Dans un mois, en Flandre, un électeur sur quatre votera pour un parti d’extrême droite. De ce fait, ces électeurs seront les mieux représentés à la Chambre. Et davantage encore au Parlement flamand. Ce sera sans doute un peu plus ou un peu moins. Les conjectures se fondent sur des sondages, nécessairement approximatifs. On se prend à rêver d’un apéro, au soir du 9 juin, durant lequel on lèverait son verre à la débandade spectaculaire du Vlaams Belang. Mais convenons que la scène a fort peu de chances de se produire.
Alors on se prépare, en cherchant à comprendre. On prend le pouls. On tend l’oreille. On analyse, on décode, on décrypte. On ne minimise pas. Et au soir des élections, on entendra le message. On en tirera les leçons. On promettra d’apporter les réponses. On fera ce qu’on pourra.
Chercher à comprendre ce qui se joue, la démarche est essentielle bien entendu, qu’elle soit politique, médiatique, académique ou tout simplement citoyenne. Personne, en théorie, ne devrait se contenter d’assister béatement au désastre.
Mais une double tendance, un peu paradoxale, se dessine lorsqu’il s’agit d’interpréter la montée de l’extrême droite. On a un peu trop tendance à tout ramener à soi, comme on a un peu trop tendance à tout attribuer aux autres.
Sans doute ramène-t-on un peu trop à soi, c’est-à-dire à son petit pays (sa petite région, sa petite commune, son petit quartier), des phénomènes qui le dépassent largement. La montée annoncée de l’extrême droite n’est pas uniquement liée à ce que tel parti a dit ou tu, a fait ou négligé, a vu ou ignoré. La crise de la démocratie représentative et la montée des populismes ne se circonscrivent pas à notre cadre domestique, à vrai dire.

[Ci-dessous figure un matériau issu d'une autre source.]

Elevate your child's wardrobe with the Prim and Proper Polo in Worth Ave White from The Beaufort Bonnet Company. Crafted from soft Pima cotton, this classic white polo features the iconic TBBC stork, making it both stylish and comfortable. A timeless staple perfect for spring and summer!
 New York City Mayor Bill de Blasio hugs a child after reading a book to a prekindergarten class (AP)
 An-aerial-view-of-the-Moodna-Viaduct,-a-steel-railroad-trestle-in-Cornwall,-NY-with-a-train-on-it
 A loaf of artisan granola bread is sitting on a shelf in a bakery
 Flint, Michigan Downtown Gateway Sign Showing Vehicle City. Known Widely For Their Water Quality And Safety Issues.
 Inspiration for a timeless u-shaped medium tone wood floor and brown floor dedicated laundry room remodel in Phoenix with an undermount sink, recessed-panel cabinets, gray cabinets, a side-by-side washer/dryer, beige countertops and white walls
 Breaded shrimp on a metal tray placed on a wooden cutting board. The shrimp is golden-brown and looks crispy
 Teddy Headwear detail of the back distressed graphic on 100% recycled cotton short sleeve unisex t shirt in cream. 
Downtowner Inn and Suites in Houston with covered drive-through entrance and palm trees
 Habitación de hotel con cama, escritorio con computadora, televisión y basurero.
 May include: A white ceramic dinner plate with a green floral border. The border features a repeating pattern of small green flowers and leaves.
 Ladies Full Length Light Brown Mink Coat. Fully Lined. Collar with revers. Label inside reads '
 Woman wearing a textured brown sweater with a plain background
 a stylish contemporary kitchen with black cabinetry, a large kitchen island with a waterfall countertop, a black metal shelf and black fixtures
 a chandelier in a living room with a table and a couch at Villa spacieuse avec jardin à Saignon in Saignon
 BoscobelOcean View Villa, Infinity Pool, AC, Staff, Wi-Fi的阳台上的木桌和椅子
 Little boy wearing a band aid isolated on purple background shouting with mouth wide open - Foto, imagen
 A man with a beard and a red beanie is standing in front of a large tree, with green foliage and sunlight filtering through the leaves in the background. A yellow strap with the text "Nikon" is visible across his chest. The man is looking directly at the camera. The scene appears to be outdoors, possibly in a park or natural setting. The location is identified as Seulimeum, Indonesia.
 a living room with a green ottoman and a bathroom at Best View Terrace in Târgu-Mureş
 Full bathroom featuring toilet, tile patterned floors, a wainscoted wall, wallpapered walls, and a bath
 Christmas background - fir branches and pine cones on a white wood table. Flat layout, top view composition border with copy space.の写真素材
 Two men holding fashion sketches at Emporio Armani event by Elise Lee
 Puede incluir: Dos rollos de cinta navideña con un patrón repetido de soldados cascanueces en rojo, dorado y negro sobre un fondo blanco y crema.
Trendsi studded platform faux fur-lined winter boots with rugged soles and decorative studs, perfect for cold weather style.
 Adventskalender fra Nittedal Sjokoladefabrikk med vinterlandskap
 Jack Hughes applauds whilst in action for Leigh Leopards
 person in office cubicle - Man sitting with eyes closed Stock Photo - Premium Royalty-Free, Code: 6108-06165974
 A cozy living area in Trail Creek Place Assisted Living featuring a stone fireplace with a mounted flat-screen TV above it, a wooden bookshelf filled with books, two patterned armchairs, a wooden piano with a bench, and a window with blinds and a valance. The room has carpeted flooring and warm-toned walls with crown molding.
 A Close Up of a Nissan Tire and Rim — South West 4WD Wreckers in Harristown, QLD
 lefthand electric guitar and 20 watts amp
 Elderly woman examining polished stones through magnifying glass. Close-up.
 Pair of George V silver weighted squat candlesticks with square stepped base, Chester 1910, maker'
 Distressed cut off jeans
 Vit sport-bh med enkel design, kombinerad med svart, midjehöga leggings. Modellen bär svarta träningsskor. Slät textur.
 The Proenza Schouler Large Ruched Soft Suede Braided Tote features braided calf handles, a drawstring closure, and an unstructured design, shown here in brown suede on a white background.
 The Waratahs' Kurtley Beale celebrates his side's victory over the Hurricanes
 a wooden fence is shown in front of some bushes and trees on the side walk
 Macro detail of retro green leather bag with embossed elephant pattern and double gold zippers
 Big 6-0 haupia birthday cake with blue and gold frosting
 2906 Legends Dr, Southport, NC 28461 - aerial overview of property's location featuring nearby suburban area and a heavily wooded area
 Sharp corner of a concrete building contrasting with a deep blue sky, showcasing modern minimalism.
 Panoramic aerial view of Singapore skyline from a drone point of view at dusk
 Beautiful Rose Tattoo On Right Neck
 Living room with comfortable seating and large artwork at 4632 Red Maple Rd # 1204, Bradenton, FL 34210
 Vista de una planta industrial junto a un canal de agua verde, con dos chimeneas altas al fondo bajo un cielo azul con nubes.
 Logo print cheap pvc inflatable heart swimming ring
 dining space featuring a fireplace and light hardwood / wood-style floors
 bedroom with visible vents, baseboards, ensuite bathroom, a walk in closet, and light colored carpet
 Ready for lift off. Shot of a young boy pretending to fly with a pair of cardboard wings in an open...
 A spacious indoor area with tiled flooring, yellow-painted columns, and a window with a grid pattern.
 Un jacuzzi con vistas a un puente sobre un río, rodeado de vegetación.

Sans doute a-t-on un peu trop tendance à tout attribuer aux autres, dans le même temps. On vote pour l’extrême droite, souvent, parce que les partis traditionnels ont failli, parce qu’on en a marre du système, parce que ce sont toujours les mêmes, parce que plus rien ne va, malgré la prospérité et le quasi-plein-emploi. Parce ce qu’il y a la guerre, parce qu’il y a les migrations, le déclin, les chômeurs, les Wallons, les Bruxellois, le monde complexe et instable, la perte de repères, l’autorité qui s’en va et tout qui fout le camp.
On en oublierait de leur rappeler une vérité toute simple: c’est un parti d’extrême droite, dans ce qu’elle a de plus vilain.
«Encore un dimanche noir: comment en est-on arrivé là?» Dans les autres partis, dans les médias et ailleurs, chacun cherche à les comprendre, ces électeurs. On se penche sur leurs motivations, leur désespoir et leurs aspirations, bien plus qu’on ne le fait pour les électeurs de toutes les autres familles politiques, qui, eux, ne seraient ni en colère, ni insatisfaits, ni en proie au doute, ni complètement paumés.
On en oublierait presque de leur rappeler une vérité toute simple, aux électeurs de ce parti, comme aux électeurs de partis du même acabit. Ce parti pour lequel ils s’apprêtent à voter est un parti d’extrême droite, dans ce qu’elle a de plus vilain.
Dans une démocratie qui a consacré le suffrage universel, les électeurs, seuls dans l’isoloir, sont certes traversés par des phénomènes sociaux qui les dépassent, ils sont également responsables individuellement du geste qu’ils posent. En dépit des excuses qu’ils se trouveront et des motivations qu’on leur attribuera.